Let's talk about the ill-defined tasks. The short-term solution is to say that
every task requires at least one meeting to gather the requirements and design
a solution. Until requirements are defined AND accepted by you, you can't
schedule the work. You need acceptance criteria.

You're going to need buy-in from the business. Talk to your favorite
manager/exec and discuss the problems you're having and your proposed
solutions. They May have their own ideas and solutions to suggest. Trial it
out and adjust the processes as necessary.

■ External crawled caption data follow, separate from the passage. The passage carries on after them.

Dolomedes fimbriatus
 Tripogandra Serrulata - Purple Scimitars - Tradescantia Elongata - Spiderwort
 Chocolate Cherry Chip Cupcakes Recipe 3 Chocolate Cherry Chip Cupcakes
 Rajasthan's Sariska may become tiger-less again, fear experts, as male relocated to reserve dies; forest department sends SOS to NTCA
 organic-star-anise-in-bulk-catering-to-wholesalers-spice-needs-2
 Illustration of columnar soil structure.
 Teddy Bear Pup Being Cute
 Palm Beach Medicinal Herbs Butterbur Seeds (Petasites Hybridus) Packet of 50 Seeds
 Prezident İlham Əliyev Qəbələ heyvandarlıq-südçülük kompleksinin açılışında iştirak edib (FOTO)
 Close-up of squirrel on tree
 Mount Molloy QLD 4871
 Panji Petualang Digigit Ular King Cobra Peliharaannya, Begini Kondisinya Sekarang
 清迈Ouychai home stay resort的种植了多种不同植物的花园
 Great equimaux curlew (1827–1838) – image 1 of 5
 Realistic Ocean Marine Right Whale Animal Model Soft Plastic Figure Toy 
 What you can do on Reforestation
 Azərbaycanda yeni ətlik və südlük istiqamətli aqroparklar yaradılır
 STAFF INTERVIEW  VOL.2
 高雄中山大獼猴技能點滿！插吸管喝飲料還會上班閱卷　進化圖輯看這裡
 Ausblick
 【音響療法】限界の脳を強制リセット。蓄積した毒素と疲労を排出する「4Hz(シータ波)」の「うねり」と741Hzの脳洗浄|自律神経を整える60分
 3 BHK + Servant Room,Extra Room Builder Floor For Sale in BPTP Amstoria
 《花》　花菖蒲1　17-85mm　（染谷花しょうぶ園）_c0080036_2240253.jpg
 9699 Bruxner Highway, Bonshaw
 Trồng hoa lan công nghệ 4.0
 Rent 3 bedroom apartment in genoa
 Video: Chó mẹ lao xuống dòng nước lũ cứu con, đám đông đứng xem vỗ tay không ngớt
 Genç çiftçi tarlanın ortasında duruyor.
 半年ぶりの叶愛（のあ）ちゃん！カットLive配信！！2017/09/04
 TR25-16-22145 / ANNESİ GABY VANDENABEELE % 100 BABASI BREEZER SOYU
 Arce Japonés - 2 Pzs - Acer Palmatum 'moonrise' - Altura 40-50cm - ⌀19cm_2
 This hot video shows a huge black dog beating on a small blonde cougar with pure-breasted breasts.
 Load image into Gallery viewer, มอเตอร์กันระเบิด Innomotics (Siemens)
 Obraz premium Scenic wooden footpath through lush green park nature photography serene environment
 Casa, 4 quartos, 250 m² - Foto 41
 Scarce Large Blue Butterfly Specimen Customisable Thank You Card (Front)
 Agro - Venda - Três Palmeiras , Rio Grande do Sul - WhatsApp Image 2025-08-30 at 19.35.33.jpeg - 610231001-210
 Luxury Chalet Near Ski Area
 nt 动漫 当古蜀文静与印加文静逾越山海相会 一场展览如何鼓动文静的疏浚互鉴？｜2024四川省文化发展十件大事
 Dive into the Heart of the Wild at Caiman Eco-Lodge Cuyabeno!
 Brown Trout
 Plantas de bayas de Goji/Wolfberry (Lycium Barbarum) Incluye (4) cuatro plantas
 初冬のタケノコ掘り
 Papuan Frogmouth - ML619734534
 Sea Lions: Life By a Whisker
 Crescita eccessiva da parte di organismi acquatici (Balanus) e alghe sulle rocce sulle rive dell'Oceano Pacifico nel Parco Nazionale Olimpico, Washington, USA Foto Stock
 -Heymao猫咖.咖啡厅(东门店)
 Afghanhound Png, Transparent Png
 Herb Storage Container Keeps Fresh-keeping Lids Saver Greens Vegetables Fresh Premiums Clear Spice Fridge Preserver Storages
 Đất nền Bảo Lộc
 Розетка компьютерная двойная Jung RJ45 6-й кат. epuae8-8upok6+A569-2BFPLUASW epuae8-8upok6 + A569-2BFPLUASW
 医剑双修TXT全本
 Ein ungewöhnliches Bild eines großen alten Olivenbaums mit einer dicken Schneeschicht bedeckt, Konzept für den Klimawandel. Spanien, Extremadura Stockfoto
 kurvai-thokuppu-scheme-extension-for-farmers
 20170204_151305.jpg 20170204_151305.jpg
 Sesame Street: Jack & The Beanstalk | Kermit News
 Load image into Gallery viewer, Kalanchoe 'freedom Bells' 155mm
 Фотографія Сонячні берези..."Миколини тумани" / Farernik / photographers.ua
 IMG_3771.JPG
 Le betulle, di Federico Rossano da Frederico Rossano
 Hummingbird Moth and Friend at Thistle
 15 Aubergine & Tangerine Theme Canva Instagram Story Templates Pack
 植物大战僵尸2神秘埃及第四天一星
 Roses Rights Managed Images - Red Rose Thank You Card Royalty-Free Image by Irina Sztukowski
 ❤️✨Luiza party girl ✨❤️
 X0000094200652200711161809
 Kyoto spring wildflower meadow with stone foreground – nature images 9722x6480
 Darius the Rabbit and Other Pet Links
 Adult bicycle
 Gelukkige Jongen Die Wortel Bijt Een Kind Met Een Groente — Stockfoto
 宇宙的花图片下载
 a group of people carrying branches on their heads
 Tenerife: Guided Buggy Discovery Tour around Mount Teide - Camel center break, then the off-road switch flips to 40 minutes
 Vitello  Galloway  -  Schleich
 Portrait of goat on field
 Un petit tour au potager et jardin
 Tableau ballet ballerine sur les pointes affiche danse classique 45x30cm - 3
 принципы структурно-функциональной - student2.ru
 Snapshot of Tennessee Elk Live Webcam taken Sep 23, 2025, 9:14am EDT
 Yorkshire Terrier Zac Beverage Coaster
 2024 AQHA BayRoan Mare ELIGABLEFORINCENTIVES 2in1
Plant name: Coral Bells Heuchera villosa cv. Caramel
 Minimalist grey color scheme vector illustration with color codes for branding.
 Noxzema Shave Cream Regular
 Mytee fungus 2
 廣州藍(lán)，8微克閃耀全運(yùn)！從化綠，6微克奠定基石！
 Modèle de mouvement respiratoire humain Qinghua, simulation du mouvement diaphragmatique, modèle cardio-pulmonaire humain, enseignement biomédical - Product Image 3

As a side note, you'll recognize some of these practices as agile practices.
In factory terms, you're the bottleneck/constraint and you're trying to
protect the constraint so that it's used as effectively as possible. Good luck

------
PeOe
We use our own tool [https://zenkit.com](https://zenkit.com) for project
management and it works great. You need one person who overlooks the tasks and
reorganizes it when there is something wrong. The person organizing the Tech
Team (like you) should know at least the basics of the technical stuff you use
or what you (can) do. Is some info missing, you can just ask other persons via
@mentions. At Zenkit there is a rule, that we need to answer to such mentions
as fast as possible. The whole work becomes easier because you don´t need to
call someone and you and the whole team can see what everyone is up to. For
all these tasks we use the kanban view (like to-do, in progress, done) and
many companies set a rule, that one person should only have for example three
tasks assigned to him on to-do.

------
goatherders
I have tried trello, asana and google keep. And while they are useful the fact
that my company is just me means I lean most on post it notes and a notebook.
For example my entire sales pipeline is in color coordinated post it's on my
office wall. And for now it works great.

------
mabynogy
Taskwarrior.